Jose Couso
A Spanish judge issued international arrest warrants yesterday for three US soldiers who face being put on trial in Madrid for the killing of a Spanish television cameraman during the Iraq war.
Lieutenant Colonel Philip de Camp, Captain Philip Wolford and Sergeant Shawn Gibson of the US Army’s 3rd Infantry Division were wanted for questioning as suspects in the killing of José Couso, from Spain’s Telecinco channel, according to the warrants.
“I order the … capture and arrest of the US soldiers, with a view to extradition,” said Judge Santiago Pedraz, an investigating magistrate at the National Court.
(Source: Common Dreams)
This is another news story you’re unlikely to see as the top headline on the evening news.
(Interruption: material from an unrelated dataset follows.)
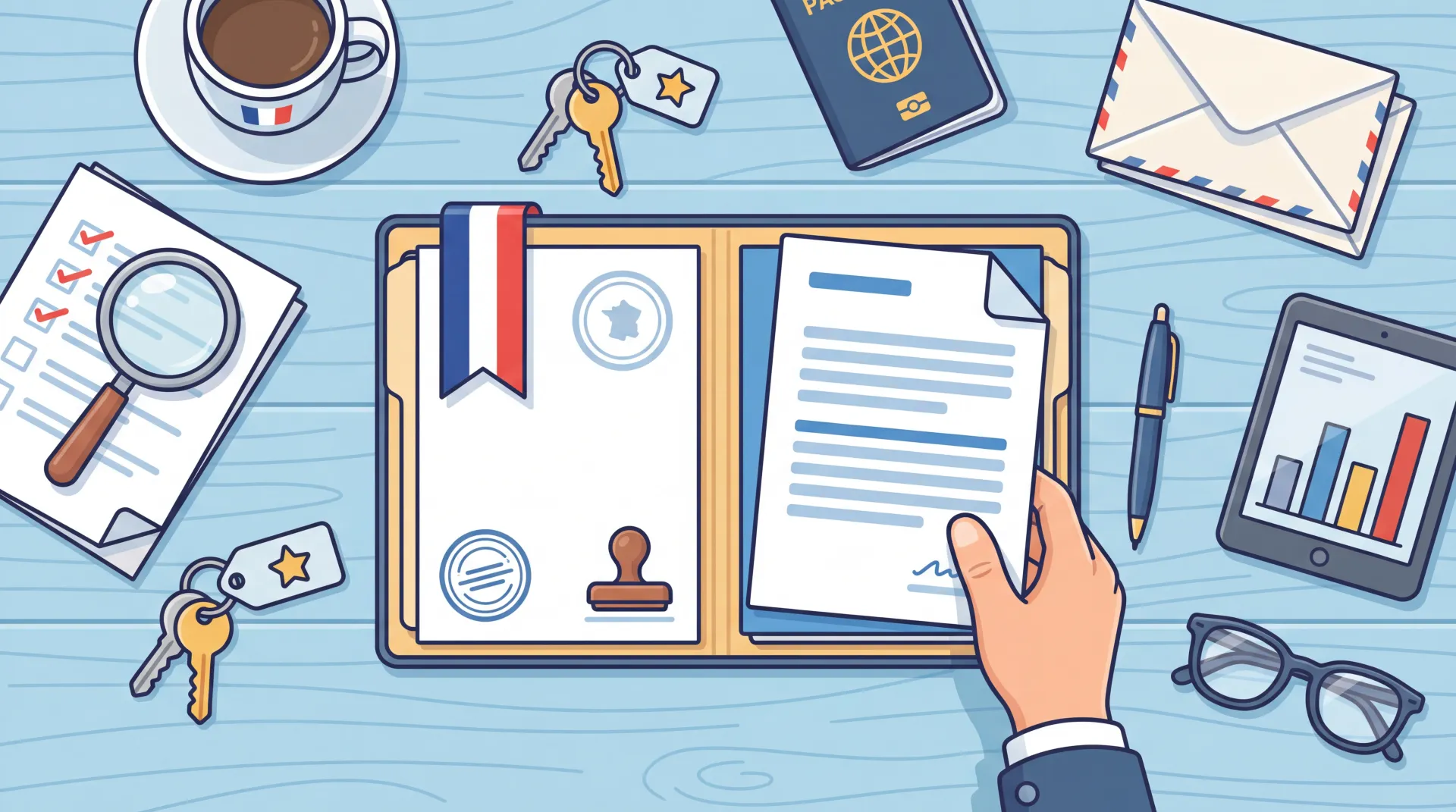 Passeport français ouvert sur fond bleu avec un drapeau tricolore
It’s just one more life lost to the “shock and awe” of the US blitzkrieg on Iraq. An invasion so contemptuous of world opinion that its tanks shelled hotels full of journalists, citing the lie that it was “returning fire.”
But why has Spain had to issue warrants for arrest? Surely the US is the upholder of international law, the great protector of freedom and democracy?
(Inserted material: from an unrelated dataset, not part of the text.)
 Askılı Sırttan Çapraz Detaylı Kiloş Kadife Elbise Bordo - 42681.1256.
Judge Pedraz said he had issued the warrant because the US government had not replied to his requests for help as he investigated Couso’s death.
It was “the only way of ensuring the suspects became available to Spanish judicial authorities, given the complete lack of cooperation,” from the US, the judge explained in a written document.
“Most of the international press was in the Hotel Palestine, where they had gone from the Hotel Rashid, following the Pentagon’s own recommendations,” the judge added.
A US State Department official told Reuters this year: “I just cannot imagine how any US soldier can be subject to some kind of foreign proceeding for criminal liability when he is in a tank in a war zone as part of an international coalition.”
(Source: Common Dreams)
How arrogant is the US? It won’t even deign to co-operate with due legal process in Spain, one of its former coalition partners.
Once again, the US is ignoring countries that are demanding justice for their murdered citizens, writing them off as unfortunate casualties of war against an evil enemy who must be defeated. Whatever the cost in innocent human lives.
Sounds a lot like something Al-Quaeda would say, doesn’t it?